╭─ Materials provided

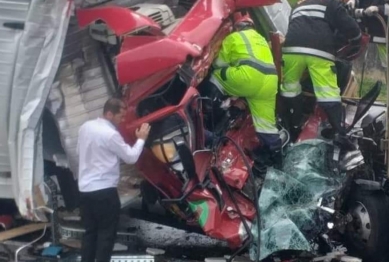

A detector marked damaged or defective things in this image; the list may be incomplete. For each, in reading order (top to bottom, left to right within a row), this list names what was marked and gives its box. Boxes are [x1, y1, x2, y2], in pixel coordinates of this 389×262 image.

torn sheet metal [6, 0, 72, 221]
shattered side window [249, 139, 346, 260]
torn sheet metal [250, 139, 348, 260]
shattered windshield [250, 139, 348, 260]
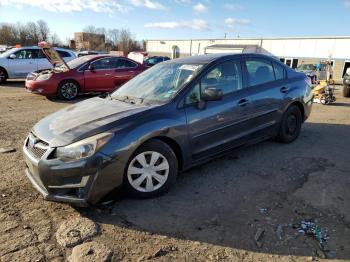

╰─

Work instruction
Your answer must be an exact copy of the data above, minus its pictures.

Solution to this problem
A detector marked damaged or defective things in this image; the list may be incomplete. For each, in reading order (top to bottom, left to right within a row), this list names what was marked and gives its box. Boxes are [x1, y1, x2, y2], in pixel coordinates of this 389×262 image.

torn sheet metal [6, 0, 72, 221]
shattered side window [249, 139, 346, 260]
torn sheet metal [250, 139, 348, 260]
shattered windshield [250, 139, 348, 260]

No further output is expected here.